L'editoriale

Le luci accese del vicino e lo Stato educatore

Risparmiare energia diventa importante per tutti, ma il problema è definire i consumi indispensabili e quelli che lo sono meno: chi fissa l'asticellla?
Gianni Righinetti
10.10.2022 06:00

La pioggia e le temperature più fresche, unitamente alle giornate più corte, in attesa dello spegnimento dell’ora estiva agendata per la fine del mese, ci hanno proiettati in autunno. La stagione dell’accensione del riscaldamento è ormai scattata anche se, contrariamente al passato, si è cercato di rinviarla il più possibile sperimentando sulla pelle quei 19 gradi al massimo che magari non permettono più di stare in casa in maglietta ma richiedono il supporto della manica lunga, quando non della felpa. L’imperativo per tutti è «risparmiare» e il termine ha un’accezione ampia come non mai dato che abbraccia il fattore chilowattora e quello strettamente legato alla salvaguardia del contenuto del nostro borsellino. La sfida ci concerne tutti ed è giusto che ognuno impari ad affrontarla in base alla sua coscienza, al suo modo di vivere e di essere cittadino responsabile, ma (per fortuna) intellettualmente indipendente. Va ammesso che il risparmio energetico non è mai stato nelle corde della nostra società per due semplici, quanto innegabili, fattori. L’energia ha avuto storicamente un costo moderato e illuminare è diventato una sorta di status symbol a livello privato e pubblico, senza dimenticare che da sempre ciò che emana luce è ritenuto vivo, contrariamente a tutto ciò che resta al buio. Ora ci viene chiesto di spegnere tutto ciò che non è indispensabile resti acceso. Un’affermazione che oggi va per la maggiore, quasi sia un qualcosa di incontestabile e scientifico al punto che, anche solo muovere un appunto, rischia di farti inondare di critiche ed epiteti da parte dei maestri del politically correct.

Il problema è definire fino a dove si spinge il confine dell’indispensabile e chi è preposto a piazzare l’invalicabile paletto. In una società che si vuole realmente liberale non si possono mettere recinzioni ovunque. Nel nostro piccolo è buona cosa che ogni cittadino si dia da fare per risparmiare in nome del senso della responsabilità individuale, perché da una parte dobbiamo credere a chi prevede penuria e magari blackout, ma anche perché la bolletta di certo non mente. E questo anche se tra i macromeccanismi che stanno alla base della formazione del prezzo dell’energia non manca di certo la variabile speculativa che tende ad essere un po’ nascosta dietro alla reale incertezza geopolitica di questi difficili tempi.
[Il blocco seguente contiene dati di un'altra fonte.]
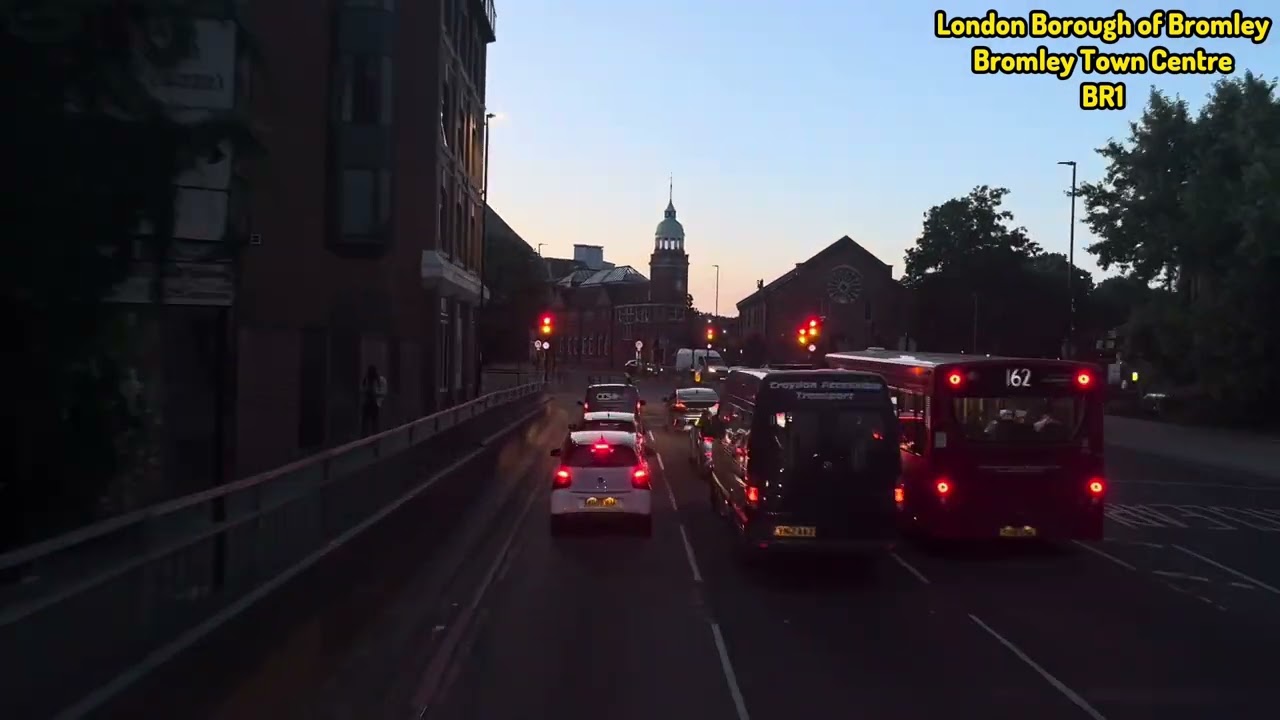 Full Route Visual - Route 320 - Biggin Hill Valley to Catford Bridge - EN28  (SN11 BMY)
Il criterio dell’indispensabile rischia poi di finire in cortocircuito con quello del sufficiente. È vero che il mare è composto da molte gocce, ma per fare un litro d’acqua ne servono tante. E allora: cosa conviene spegnere per non ragionare solo in quantità impercettibili? La grande moda è mettere su «off» i simboli d’ogni genere (vedi servizio a pagina 2), ma questo appare più che altro un ragionamento di facciata. Certamente il celebre getto d’acqua della città di Ginevra consuma energia, ma poi ci sono situazioni che quantomeno ci interrogano come cittadini. Su Palazzo federale da qualche tempo si sono spente le luci e la cosa colpisce perché lo storico edificio di Berna al calar della sera ha perso il suo fascino. Nulla di grave, ci si può convivere senza psicodrammi o cadere in depressione. Ma poi accade che nello stesso tempo sull’antistante Piazza federale gli zampilli d’acqua che fuoriescono generando un piacevole ballo dai 26 fori (tanti quanti i Cantoni svizzeri) dell’elegante tappeto di granito proseguono incessantemente fino alle 23, quando nell’autunno della Capitale federale non si trova più anima viva. È solo un esempio, ognuno di noi ne potrebbe trovare a decine, magari anche solo osservando quante luci tiene accese il vicino di casa che, giammai, oserà pure mettere una ghirlanda di luci led sul balcone per Natale. Occorrerà stare attenti anche alla luce che io accendo e che una terza persona riterrà «superflua»?

Diciamo no allo Stato educatore, quello che si è spinto anche a suggerire la doccia in coppia, mentre un forte sì alla libertà di agire secondo la nostra coscienza. Anche così si otterrà il risultato sperato, senza generare tensioni e attriti che ci costerebbero tanta energia d’ordine psicofisico. Potremmo chiamarlo senso della misura.